Math

There was a time when the ability to merely make quick and precise mathematical calculations was of paramount importance. But as Daniel Pink points out in his book A Whole New Mind: Why Right-Brainers will Rule the Future, a more advanced conceptual understanding of problems will be required to best serve the social and economic needs of our society. For example, it is one thing when a student can summon a mnemonic device to expand a product such as (a + b)(x + y) and quite another when a student can explain where the mnemonic comes from.

The math curriculum at The Bridge Way School combines the processes set forth in the Common Core State Curriculum Initiative and the content areas to be covered as listed by the National Council of Teachers of Mathematics in order to best create instructional goals for math proficiency in our students according to what is needed in 21st century thinkers.


The processes highlighted in our math curriculum are as follows:

  • Make sense of problems and persevere in solving them

  • Reason abstractly and quantitatively

  • Construct viable arguments and critique the reasoning of others

  • Model with mathematics

  • Use appropriate tools strategically

  • Attend to precision

  • Look for and make use of structure

  • Look for and express regularity in repeated reasoning

The NCTM lists the following areas core content areas within the study of mathematics:

Number Properties and Operations

There are four basic properties of real numbers: commutative, associative, distributive and identity. These properties only apply to the operations of addition and multiplication.
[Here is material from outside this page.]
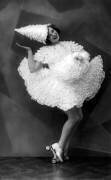 Femme sur des patins à roulettes (anonyme) - Muzeo.com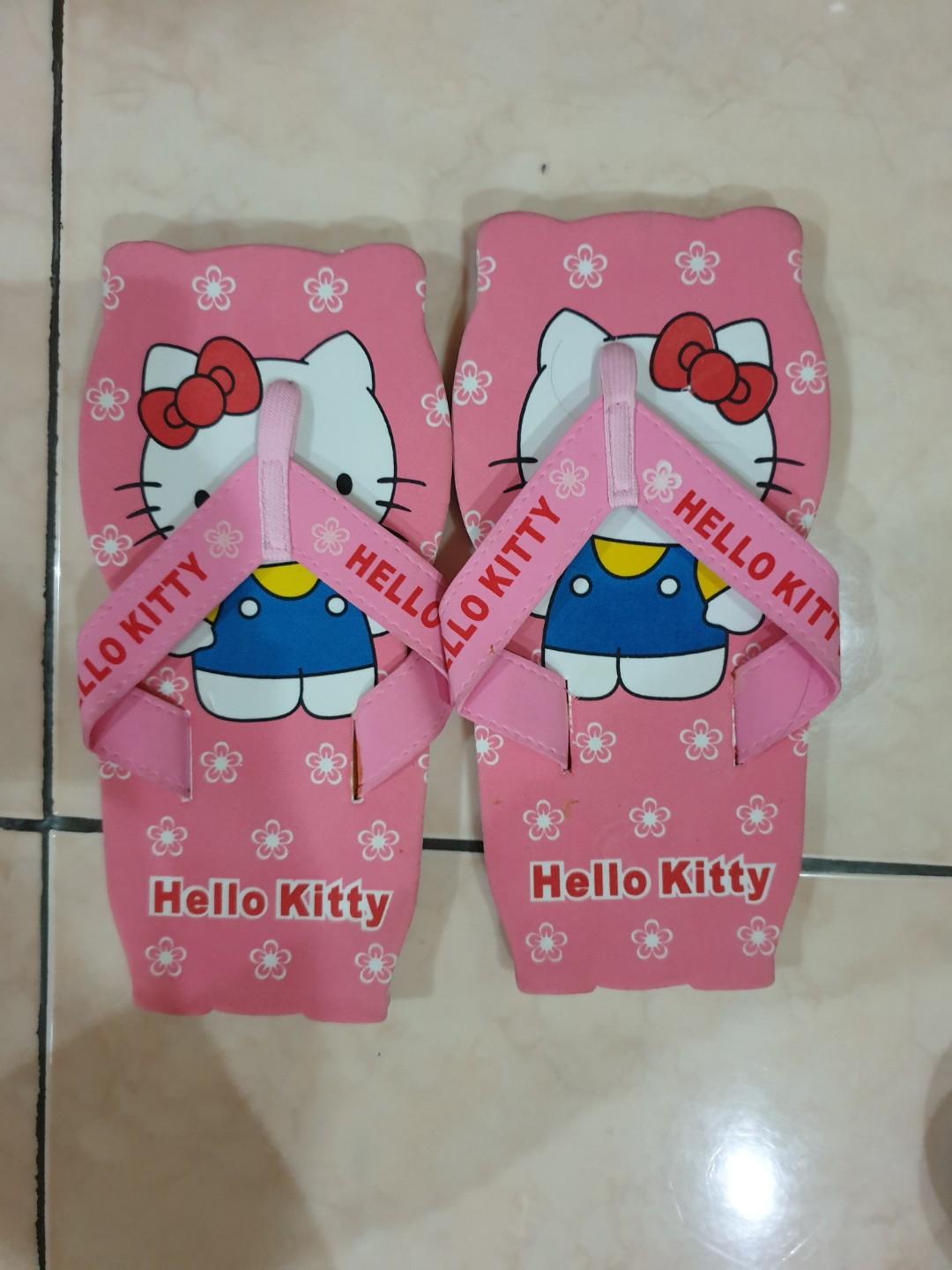 Sandal hello kitty cepatlaku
This enables students to understand numbers, ways of representing numbers, relationships among numbers, and number systems. By understanding meanings of operations and how they relate to one another, they are able to compute fluently and make reasonable estimates.


Measurement

Measurement is important because it helps us to quantify the world around us. An understanding of the processes of measurement, the concept of a unit, and a familiarity with the tools and common units of measurement, are all critical for students to develop an understanding of the world around them.


Geometry

Studying geometry provides many foundational skills and helps to build the thinking skills of logic, deductive reasoning, analytical reasoning, and problem-solving. At a basic level, geometry is important to learn because it creates a foundation for more advanced mathematical learning. It helps us in deciding what materials to use, what design to make and also plays a vital role in the construction process itself. Geometrical tools like the protractor, ruler, measuring tape, and much more are used in construction work, astronomy, for measurements, drawing etc.


Data Analysis and Probability

This study enables students to formulate questions that can be addressed with data and collect, organize, and display relevant data to answer them. It allows us to select and use appropriate statistical methods to analyze data, develop and evaluate inferences and predictions that are based on data, and understand and apply basic concepts of probability.


Algebraic Thinking

Algebraic Thinking is the ability to generalize, represent, justify, and reason with abstract mathematical structures and relationships. It is important for developing a deep understanding of arithmetic and helps students make connections between many components of their early math studies.